The Recycling Association chief executive Simon Ellin said: “Banning plastic exports to solve waste crime would be like trying to crack a nut with a sledgehammer. It would penalise legitimate exporters while doing nothing to prevent illegal operators.

“The EFRA Committee has used data from 2020, but much has changed since then. The markets we now trade with are typically in the EU or Turkey, and legitimate exporters are working under very high-quality rules and regulations.

Banning plastic exports to solve waste crime would be like trying to crack a nut with a sledgehammer.

“With the tough Basel regulations and UK law, it is already very difficult to export plastics unless they are high-quality materials ready for recycling. In addition, countries such as Turkey, which was highlighted by the EFRA Committee, have also brought in tough import laws on plastics. Indeed, many of the recycling facilities in Turkey are as good as, or sometimes better than those in the UK.”

Ellin makes the point that those who are exporting plastics illegally are bypassing these laws, and are not going to be deterred by a ban on legitimate operators.

He contends that since the introduction of the new Basel rules, and the bans/restrictions on imports by many Asian countries, exports of plastics have largely been to EU countries and Turkey. Since these rules have come in, only around 2% of exports go to non-OECD countries now, Ellin says.

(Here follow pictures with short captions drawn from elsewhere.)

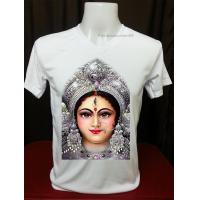 ราคา เสื้อยืดคอกลม และ คอวี ใส่ได้ทั้งชาย และ หญิง ลายพระแม่อุมาเทวี ไม่หด ไม่ย้วย (13190230955)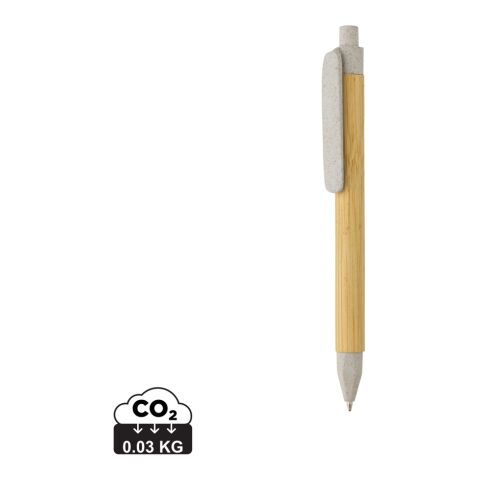 Stylo fabriqué en papier recyclé certifié FSC gris | sans marquage | non disponible | non disponible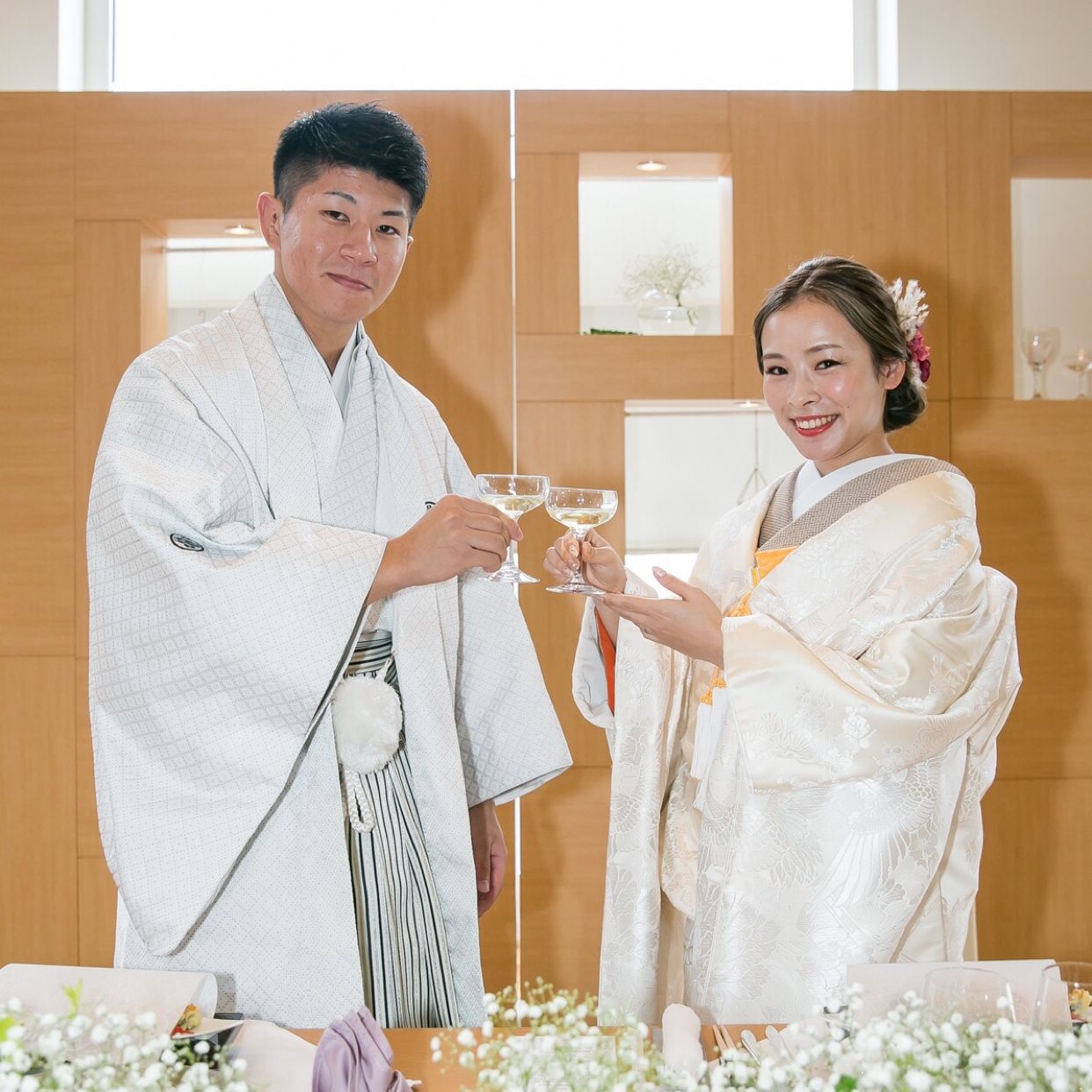 披露宴パーティのカバー写真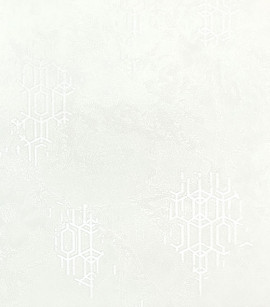 PÁG. 69-Papel de Parede Geométrico Grade Off-White Detalhes em Brilho Glitter- Coleção Adi Tare 2 - Vinilico Importado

“This trade to Turkey and EU nations has helped to keep competition in the market and ensured that UK reprocessors work under a free and fair market. It also means that polymers can be exported to specialist facilities that may not exist in the UK at the moment.

“A ban on exporting plastics would be short-sighted, will not reduce waste crime and will distort the market for consumers leading to higher prices.

Don’t penalise those who legitimately export for the crimes of those that do it illegally.

“Of course, we welcome more investment in UK plastic recycling infrastructure, but free and sustainable trade to our partners in Turkey and EU will provide competition that will benefit consumers.”

Overall, The Recycling Association welcomed much that was in the report from EFRA. However, Ellin says it does not welcome the EFRA Committee calling for the Environment Agency to use more of the charges it collects from the waste industry to support its enforcement activity.

He continues that it also wants support for more digital waste tracking and The Recycling Association already has its own Traqa system built to do that.

Ellin argues that the introduction of Extended Producer Responsibility (EPR) will ramp up quality to another level and mean that plastics collected in the UK should contain very little contamination.

“We do not need the blunt instrument of an export ban to raise quality. Instead, a combination of EPR, more funding to tackle waste crime, a focus on those gangs who illegally export, and digital waste tracking will do the job. Don’t penalise those who legitimately export for the crimes of those that do it illegally.”